3. Adjustment factors - the subdivision 4 criteria

  1. [88]
    Both parties are young and in good health (s 297). The income, property and financial resources of the parties and their earning capacities differ significantly. (s 298) I am satisfied the first respondent attempted to divest himself of substantial assets through the trust arrangement. It is clear he retains effective control of the funds. He continues to live in the Warrigal Crescent home. Whilst it is now significantly encumbered, the “trust funds” are applied to service that loan. The first respondent has not fulfilled his disclosure obligations. I am not satisfied he has fully disclosed his assets.
  1. [89]
    In contrast, the applicant has provided independent expert evidence about the value of her assets, none of which has been contested. She has been frank about her current living arrangements, by which her living expenses are reduced considerably. I cannot assume that the arrangement that she currently has with her father will extend indefinitely or that he will gift the house to her in due course. I do, however, take that current arrangement into account as an illustration of her ongoing family support. I accept that she will continue to receive the generous support of her family as she has in the past.
  1. [90]
    The parties’ earning capacities are divergent. The taxable income disclosed by the first respondent does not reflect his earning capacity. He already has a number of trade qualifications and said he expects he could earn $40,000 to $60,000 as an earth moving contractor. The applicant is qualified to work in retail or as a beauty therapist. Were she able to establish her own business as a beauty therapist, as she has done in the past, she may well be able to earn significantly more than her current income of $18,200.
  1. [91]
    The applicant’s ability to work is more significantly affected by the care arrangements for their daughter than is the first respondent. The first respondent made much of the number of nights his daughter spends with him (6). However, he has her in his care for only 5 days each fortnight, two of which fall on a weekend. 7 of the remaining 9 days, during which the applicant has the care of their daughter, are working days. This necessarily confines the applicant’s ability to earn income to a far greater extent. It also restricts her opportunity to re-establish a business.
  1. [92]
    I have already adverted to the first respondent’s approach to providing for his daughter’s welfare. His actions convey a view that he is the person best able to provide for her and that he will do so at some imprecise future point in time using the “trust funds” and the youth saver account. In determining the property adjustment order I need to consider the parties’ commitments to caring for this child whilst she is a dependant.
  1. [93]
    Whilst child care proceedings have not concluded, current arrangements place primary responsibility with the applicant. None of the evidence indicates the applicant will have less responsibility in the future. Neither has asked these proceedings be deferred until the outcome of others is known. Nor can I ignore the serious criminal charges faced by the first respondent which, if proved, would almost certainly result in a period in custody. In that event the applicant would have sole responsibility for their daughter’s care whilst he is in custody. (s 299) It is likely his ability to provide for her in the future would also be undermined.
  1. [94]
    The first respondent contributes towards the costs of child care fees and pays for swimming lessons. The applicant shares child care fees and pays private health insurance for their daughter.
  1. [95]
    I am left uncertain about the first respondent’s likely future earnings. He was unable to be specific about when he would return to employment or how much he expected to earn. I have already expressed grave reservations about the first respondent’s willingness to make financial contributions to the applicant regarding the care of their daughter. There is ample cause to doubt the level of support he will either be able, or willing to provide for the care of their daughter whilst she is with the applicant. Their daughter is only 2 years old and the applicant will have her primary care and financial responsibility for a lengthy period.
  1. [96]
    In assessing the adjustment factors, I have noted the parties’ divergent earning capacities; the greater impact on the applicant’s earning capacity; their differing levels of financial and carer responsibilities; and the age of their child. Taking the adjustment factors into account, I consider a further award of 10% of the ascertained property is justified.

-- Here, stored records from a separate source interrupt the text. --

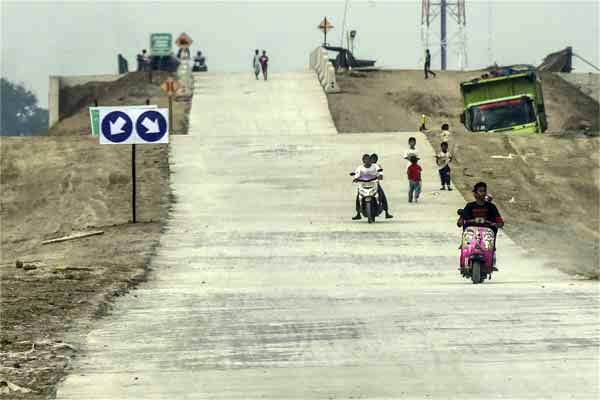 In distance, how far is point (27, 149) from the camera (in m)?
47.0

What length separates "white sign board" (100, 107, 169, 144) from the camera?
105 feet

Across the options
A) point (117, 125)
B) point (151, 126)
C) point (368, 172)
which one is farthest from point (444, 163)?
point (117, 125)

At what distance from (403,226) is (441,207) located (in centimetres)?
384

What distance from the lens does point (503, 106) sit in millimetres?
49250

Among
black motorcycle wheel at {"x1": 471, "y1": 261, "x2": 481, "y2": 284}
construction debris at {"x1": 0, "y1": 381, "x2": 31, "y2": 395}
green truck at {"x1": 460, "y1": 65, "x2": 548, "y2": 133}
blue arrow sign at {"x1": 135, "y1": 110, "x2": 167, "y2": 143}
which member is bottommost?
construction debris at {"x1": 0, "y1": 381, "x2": 31, "y2": 395}

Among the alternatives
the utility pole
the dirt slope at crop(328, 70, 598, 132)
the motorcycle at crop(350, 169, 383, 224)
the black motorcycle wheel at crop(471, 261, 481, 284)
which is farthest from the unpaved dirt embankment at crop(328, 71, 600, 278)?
the utility pole

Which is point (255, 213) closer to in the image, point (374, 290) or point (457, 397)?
point (374, 290)

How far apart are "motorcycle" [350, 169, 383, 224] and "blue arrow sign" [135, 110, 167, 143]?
4.57 meters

4. Determining the final orders

  1. [97]
    There is no argument that this is a short relationship and that this is a relevant factor. (s 305) The length of the relationship and the extent of the first respondent’s financial contributions weigh the scales heavily in his favour. E v S
  1. [98]
    For obvious reasons, the legislature has provided for a property adjustment order, even in a relationship of short duration which has resulted in the birth of a child. The respective parenting contributions and the attitude expressed by the first respondent towards his obligations now and in the future weigh in the applicant’s favour.
  1. [99]
    The first respondent’s conduct in seeking to place assets beyond the reach of this application and deliberately not disclosing full details of his financial position entitles me to take a robust approach. Taking into account both the subdivision 3 and the subdivision 4 criteria, I consider an award of 25 per cent of the notional property pool of $695,899 is just and equitable and that an award of $138,075 should be made.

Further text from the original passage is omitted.